As an example, a logistic growth model of form \[ y_t = p_t + \epsilon_t,\\ p_{t+1} = K p_t \frac{\exp(r_t dt)}{K + p_t (\exp(r_tdt ) - 1)} + \xi_t,\\ r_t = \frac{\exp{r'_t}}{1 + \exp{r'_t}},\\ r'_{t+1} = r'_t + \eta_t, \] with constant carrying capacity \(K = 500\), initial population size \(p_1 = 50\), initial growth rate on logit scale \(r'_1 = -1.5\), \(dt = 0.1\), \(\xi \sim N(0,1)\), \(\eta \sim N(0,0.05)\), and \(\epsilon \sim N(0, 1)\).
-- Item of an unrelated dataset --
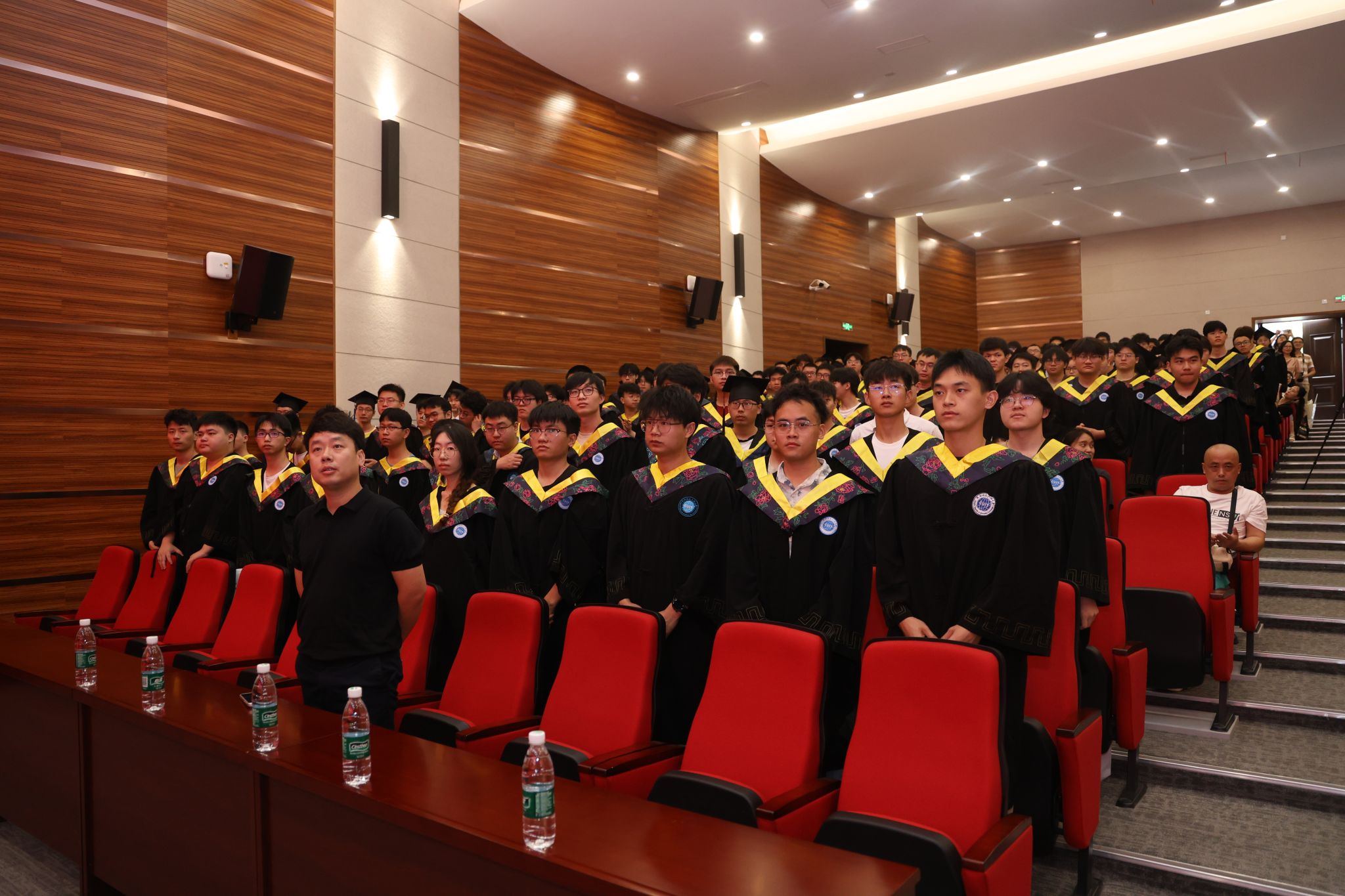 A group of people in graduation gowns AI-generated content may be incorrect.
Let’s first simulate some data, with \(\sigma_r=\sigma_p=0\):

set.seed(1)

p1 <- 50 # population size at t = 1
K <- 500 # carrying capacity
H <- 1 # standard deviation of obs noise
R_1 <- 0.05 # standard deviation of the noise on logit-growth
R_2 <- 1 # standard deviation of the noise in population level
#sample time
dT <- .1

#observation times
t <- seq(0.1, 30, dT)
n <- length(t)
r <- plogis(cumsum(c(-1.5, rnorm(n - 1, sd = R_1))))
p <- numeric(n)
p[1] <- p1
for(i in 2:n)
  p[i] <- rnorm(1, K * p[i-1] * exp(r[i-1] * dT) / (K + p[i-1] * (exp(r[i-1] * dT) - 1)), R_2)
# observations
y <- p + rnorm(n, 0, H)

Model in bssm

The functions determining the model need to be written in C++. Some example models which can be used as a template are given by the function cpp_example_model which returns pointers usable as an input to nlg_ssm. For this growth model, we could call cpp_example_model("nlg_growth"). In general, you need to define the functions matching the model components, log-density of the prior and few other functions. For example, in case of our model, the function T_fn defines the state transition function \(T(\cdot)\):

// [[Rcpp::export]]
arma::vec T_fn(const unsigned int t, const arma::vec& alpha, const arma::vec& theta, 
  const arma::vec& known_params, const arma::mat& known_tv_params) {
  
  double dT = known_params(0);
  double K = known_params(1);
  
  arma::vec alpha_new(2);
  alpha_new(0) = alpha(0);
  double r = exp(alpha(0)) / (1.0 + exp(alpha(0)));
  alpha_new(1) = K * alpha(1) * exp(r * dT) / 
    (K + alpha(1) * (exp(r * dT) - 1));
  return alpha_new;
}

The name of this function does not matter, but it should always return Armadillo vector (arma::vec), and have the same signature (i.e. the order and types of the function’s parameters) should always be like above, even though some of the parameters were not used in the body of the function. Note that all of these functions can also depend on some known parameters, given as known_params (vector) and known_tv_params (matrix) arguments to ssm_nlg function (which are then passed to individual C++ snippets). For details of using Armadillo, see Armadillo documentation. After defining the appropriate model functions, the cpp file should also contain a function for creating external pointers for the aforementioned functions. Why this is needed is more technical issue, but fortunately you can just copy the function from the example file without any modifications.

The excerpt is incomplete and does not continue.